Namazı ihmal etmek nasıl Kur'an'ın bir emrine karşı ihmal ise hayatın önüne koyduğu nimet ve külfetler karşısında bitip erimek de bir ihmaldir.

İnsanlar, Allah'ın dini İslam'ı öğrenirken -namazı öğrendikleri gibi-, erimeden, yılıp gevşemeden bir hayat yaşamak zorunda olduklarını da öğrenmelidirler. Çocuklara tahareti, abdesti öğrettiğimiz gibi dik durma yöntemlerini de öğretmeliyiz. Kur'an'ı kelime kelime öğrenen çocuklarımız, nefes nefes ayakta kalmayı da bizden öğrenmelidirler. Şeytan bitkin ve tükenmiş bir mü'min nesil için dünyayı başımıza yığarken biz çocuklarımızı eğilip bükülmeden yaşama yöntemleri ile donatmaya mecburuz. İslam budur; hem namaz hem ayakta kalma taktiklerine vakıf olmak.

Kur'an, namazı ve diğer emirleri nasıl beyan ediyorsa, Allah'ın bir emri olarak gevşememeyi de emretmektedir. Dengeli bir Müslümanlık ancak böyle mümkündür. Yılışık ve tükenmiş umutların çöreklendiği beyinlerin sahipleri ile dolmuş camiler çiçek açan camiler değildir. Uhud gibi mahzun eden bir sonuca rağmen ikinci bir hamleye hazır nesil olmak gerekmektedir.
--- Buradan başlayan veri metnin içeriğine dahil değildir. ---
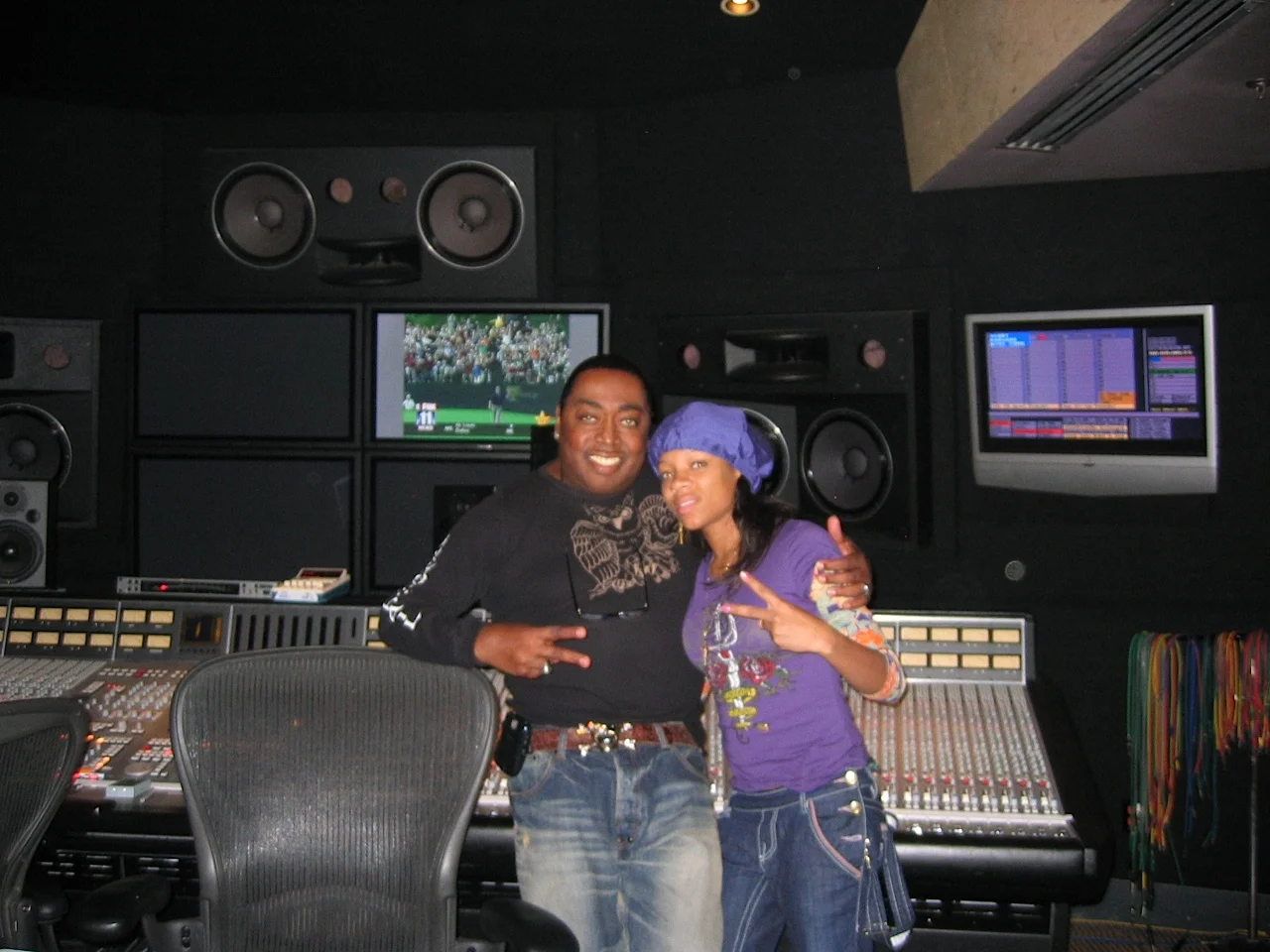 Kenn and Lil Mama in the studio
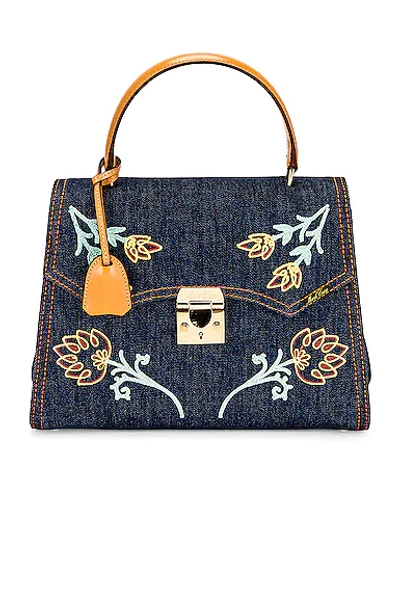 Fwrd Renew Mark Cross Lady Madeline Bag In Indigo & Luggage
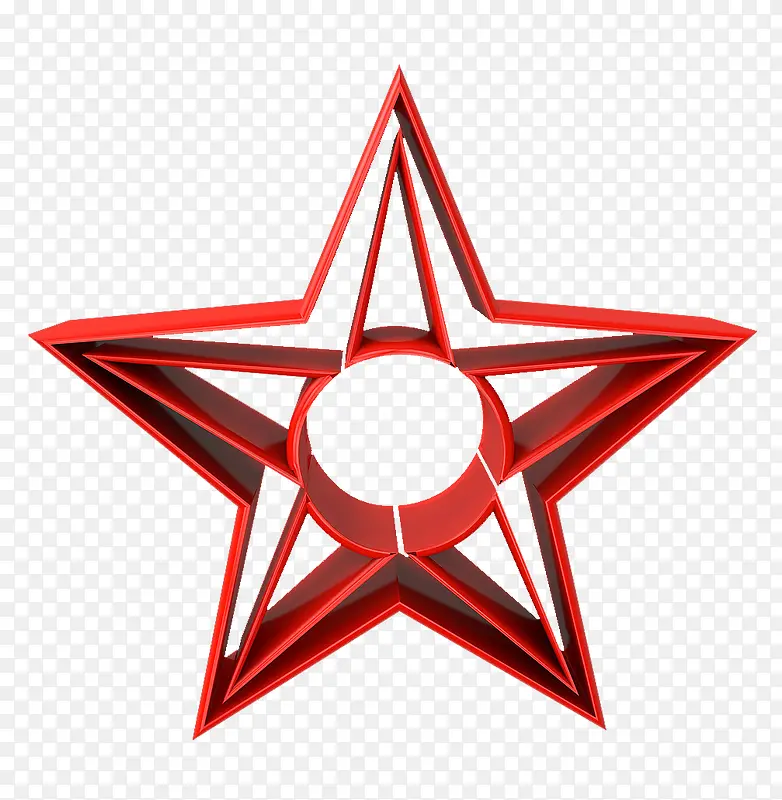 3D红色五角星素材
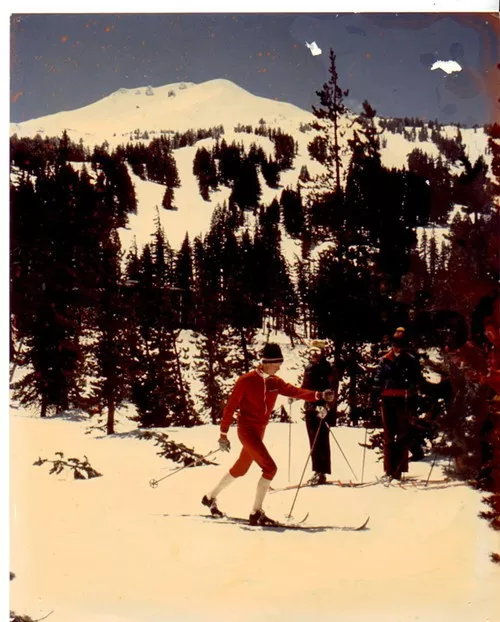 Bob Mathews teaches a nordic lesson to Scott McLagan, Joanne Coburn, Ken Klecker and Bill Coburn in the spring of 1975. This area at Mt. Bachelor is now a parking lot.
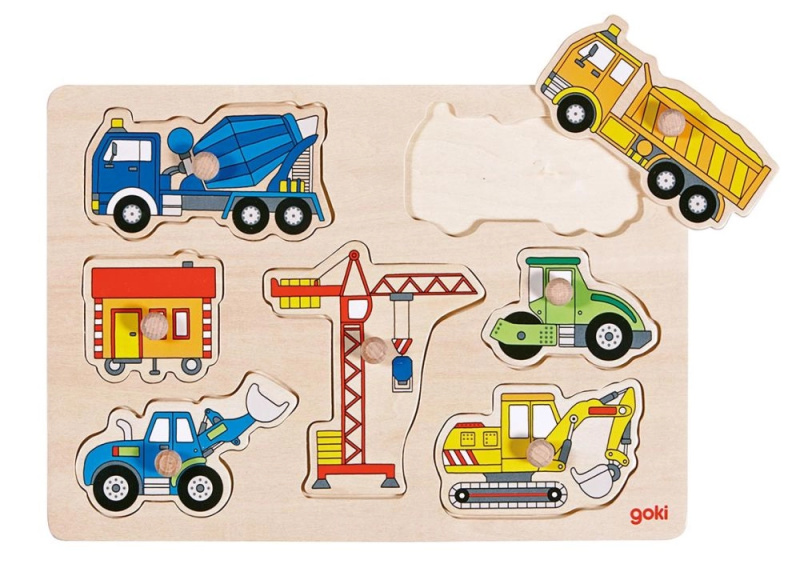 Dřevěné puzzle - Stavební auta Montessori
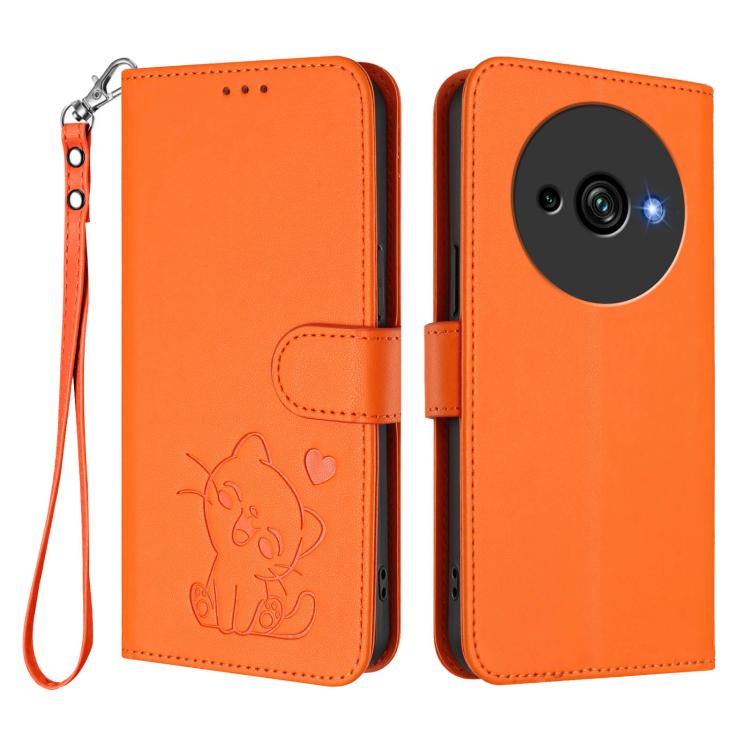 For Oukitel C59 / C59 Pro Embossed Heart Cat Leather Phone Case with Hand Strap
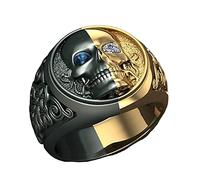 Ensemble de bagues noires pour homme - Deux crânes d'Halloween avec yeux bleus et punk - Bague gothique, taille unique, Nail, Aucune pierre précieuse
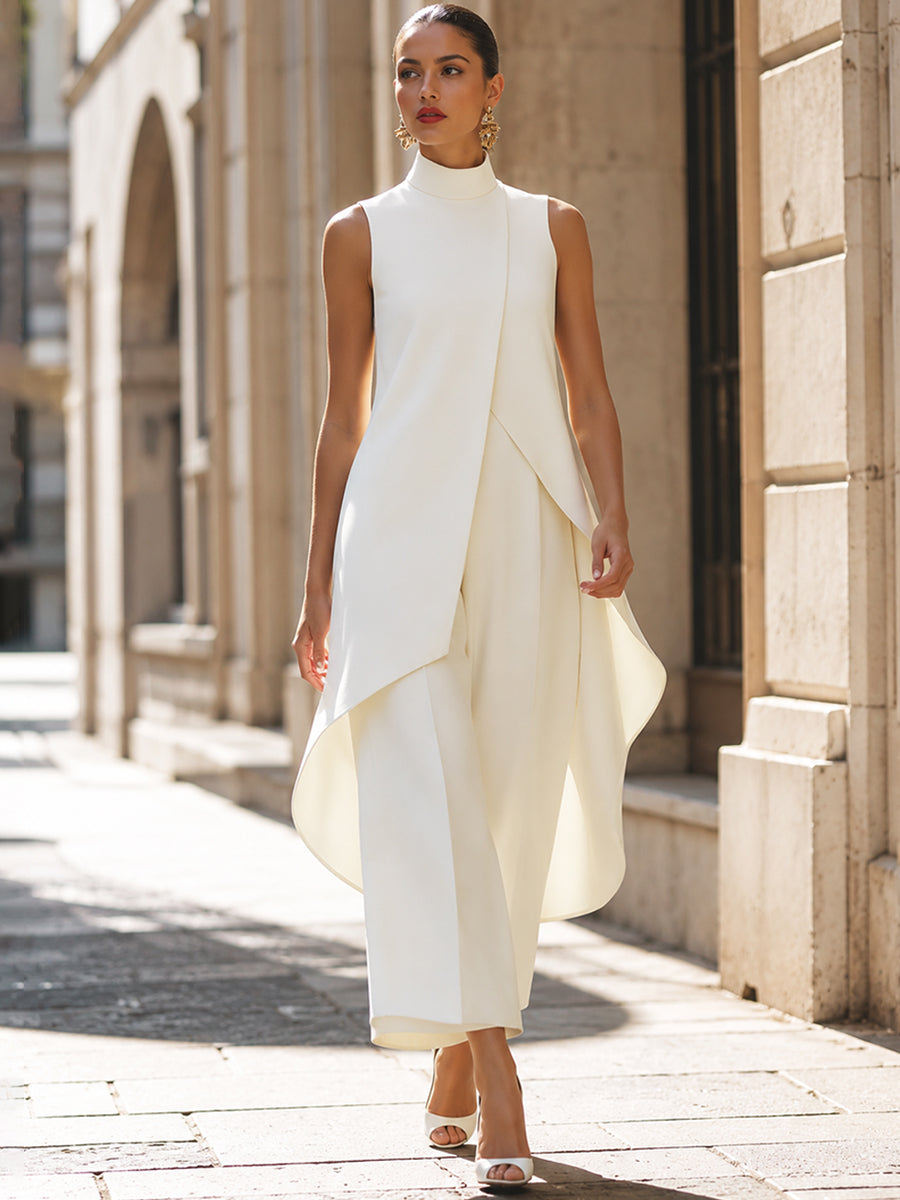 Purple | Wide-leg jumpsuit with an elegant drape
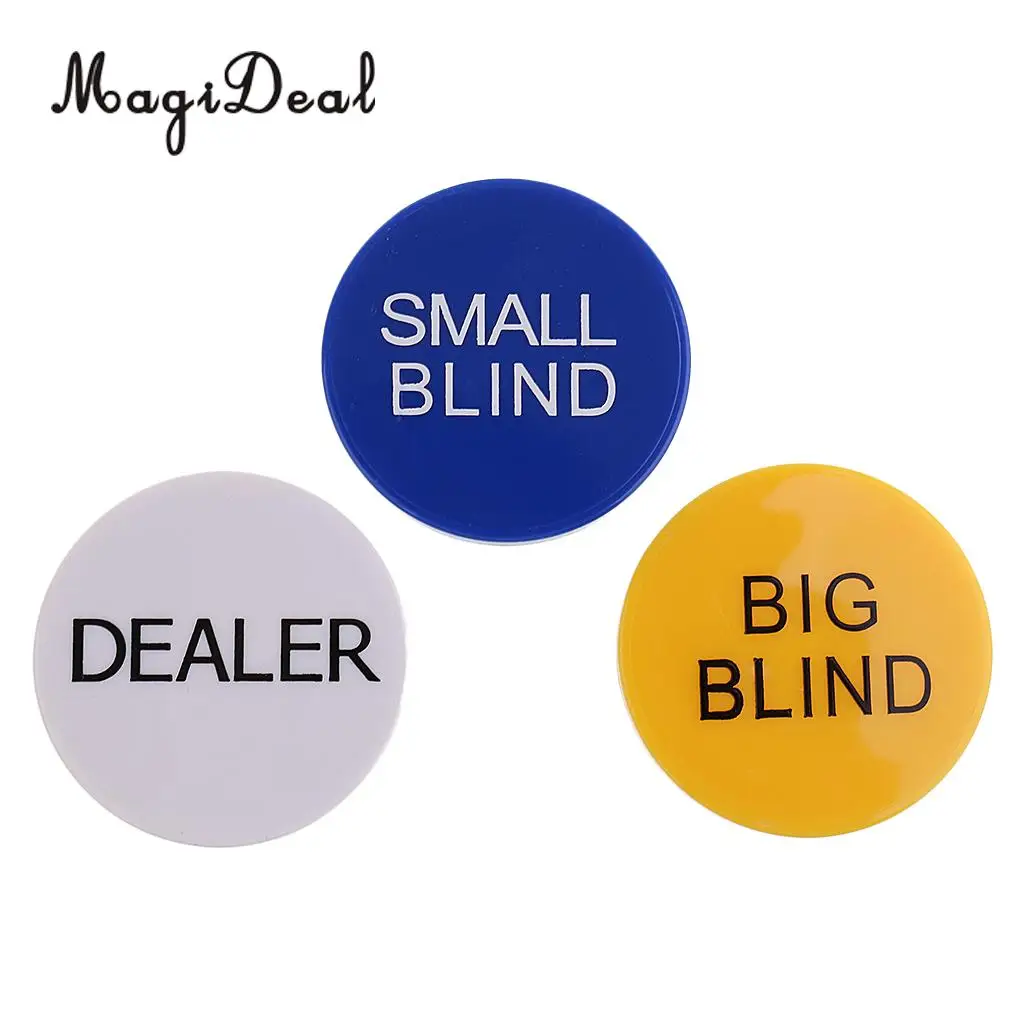 

MagiDeal High Quality Set of Small Blind Big Blind Dealer Button for Funny Party Club Pub Poker Card Casino Game Parts 5cm Mutil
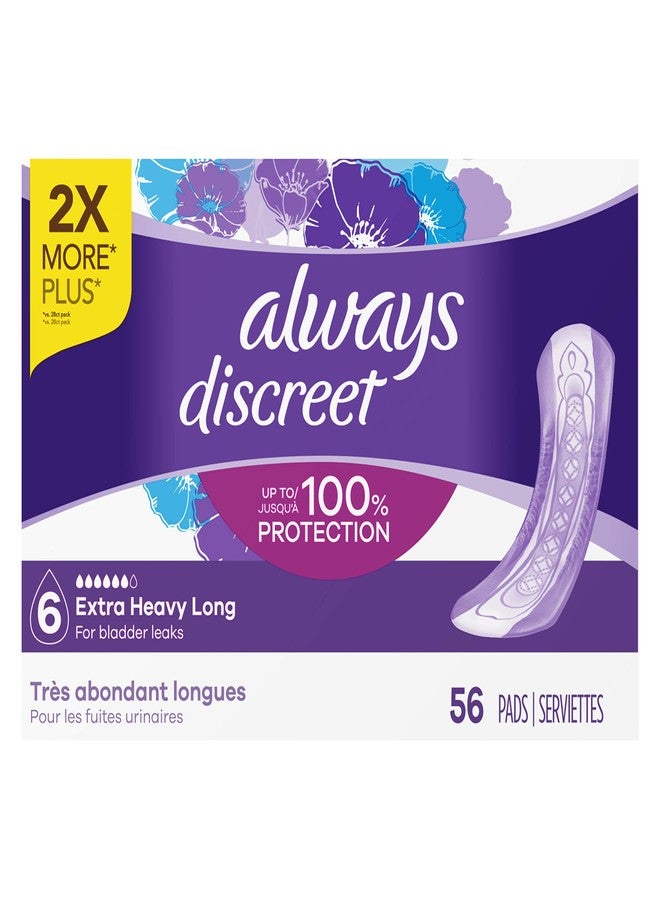 Always Discreet Extra Heavy Long Incontinence Pads, 56 Count - Image 2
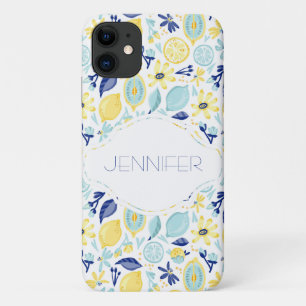 Yellow Lemons Mint Green and Blue Personalized Case-Mate iPhone Case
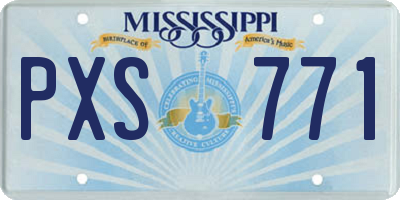 MS license plate PXS771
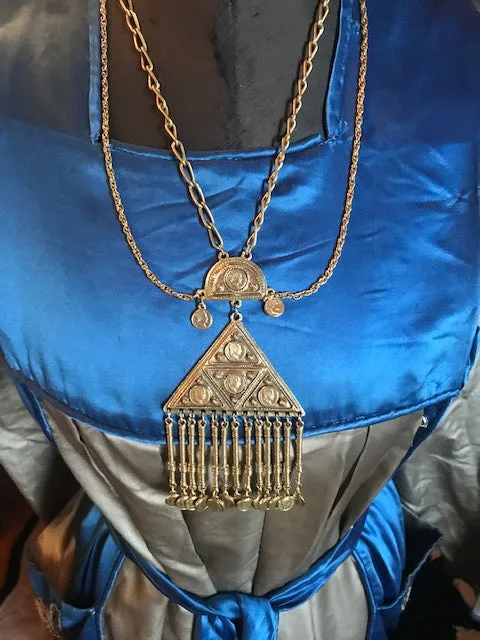 Edie Segwick Vibes Absolutely Gorgeous Napoleon Coins, Egyptian Revival Necklace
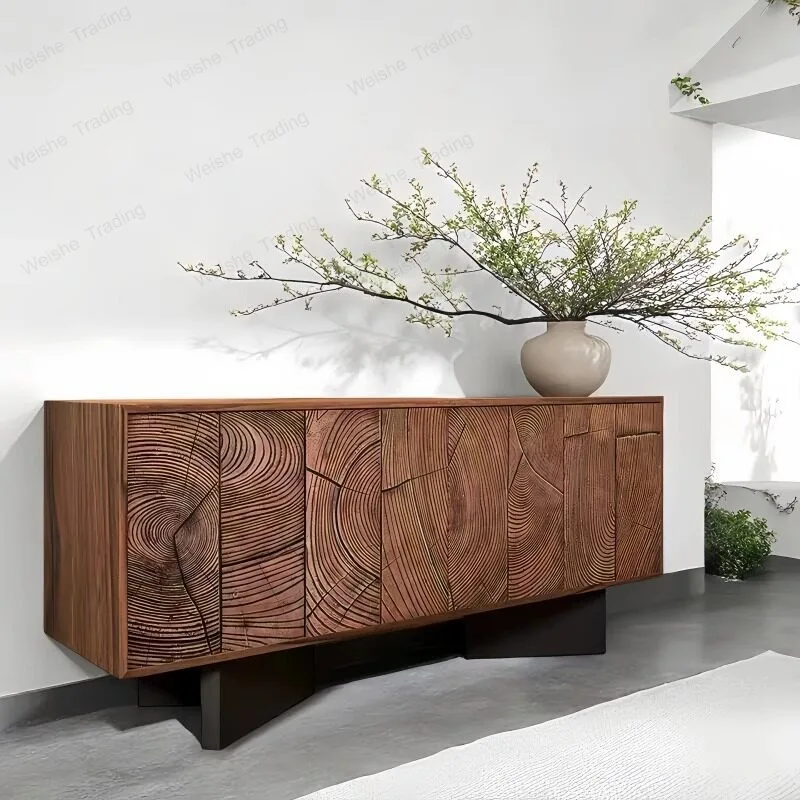 wabi-sabi wind dining side solid wood walnut color storage retro art entrance entrance cabinet
wabi-sabi wind dining side solid wood walnut color storage retro art entrance entrance cabinet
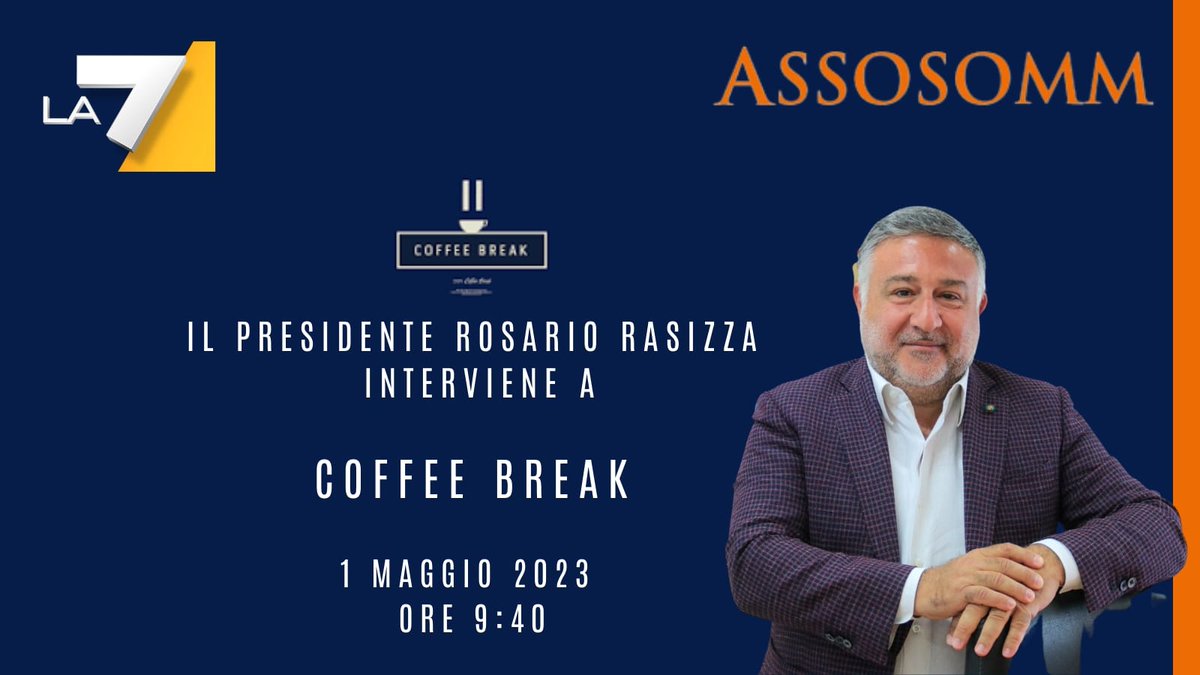 #1maggio: il Presidente <a href="/rasizza/">Rosario Rasizza</a> interverrà a <a href="/CoffeeBreakLa7/">Coffee Break</a>. Con <a href="/andrea_pancani/">Andrea Pancani</a>, si parlerà di #lavoro, #mismatch e #mercato. Appuntamento, in diretta, dalle ore 9:40 circa.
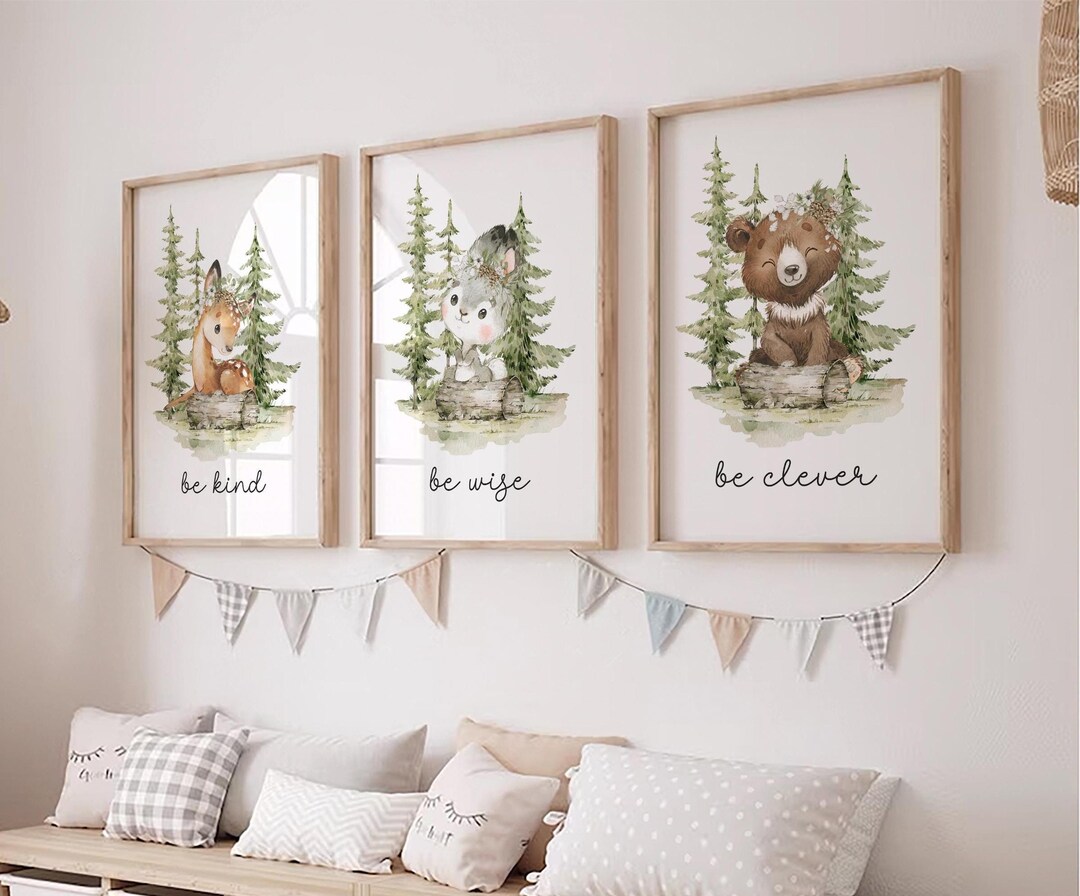 Set of 3 Jungle Animal Nursery Decor Wall Art Print, Personalized Name ...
Evlerimiz gevşememelidir. Daralmış ekonomimiz, müzmin hastalıklarımız, eşler arasındaki anlaşma zorlukları yıldırmamalıdır. Çocuklar üzerindeki beklentilerimizin gerçekleşmediğini görmek, gayretlerin sonuçlanmaması yıldırmamalıdır. Gevşeyen evler, umudu tükenmiş aile fertleri olarak görülmemeliyiz meleklere. Her şeye rağmen 'Rabbine itimat eden' mü'minler olmamız; tıpkı bir Cuma namazı için camide saf olmuş mü'minler olmamız gibidir. Evlerimizi ne katlanmak durumunda kaldığımız sıkıntılar gevşetmelidir ne de içinde boğulacak gibi olduğumuz nimetler. Gevşemiş evler şeytanın ağlarına takılmaya daha yakın bir noktadadır. İbadette, tahammülde, sabırda gevşememiş evler mü'min evlerdir. Günübirlik düşünmeyen, ebedi alem için planlanmış evler umut dolu evlerdir.

Camilerimiz gevşememiş mü'minlerin camileri olmalıdır. Camide, mesela cep telefonu ile konuşmak bir gevşeme çeşididir şüphesiz. Caminin duvarlarındaki tezyinatın içinde eda edilecek ibadet gibi önemsenmesi de bir gevşemedir. Camilerimizin mimari ihyasından önce ruhi ihyası dikkate alınmalıdır. Rabbimizin 'gevşemeyin' emrine bu da dahildir.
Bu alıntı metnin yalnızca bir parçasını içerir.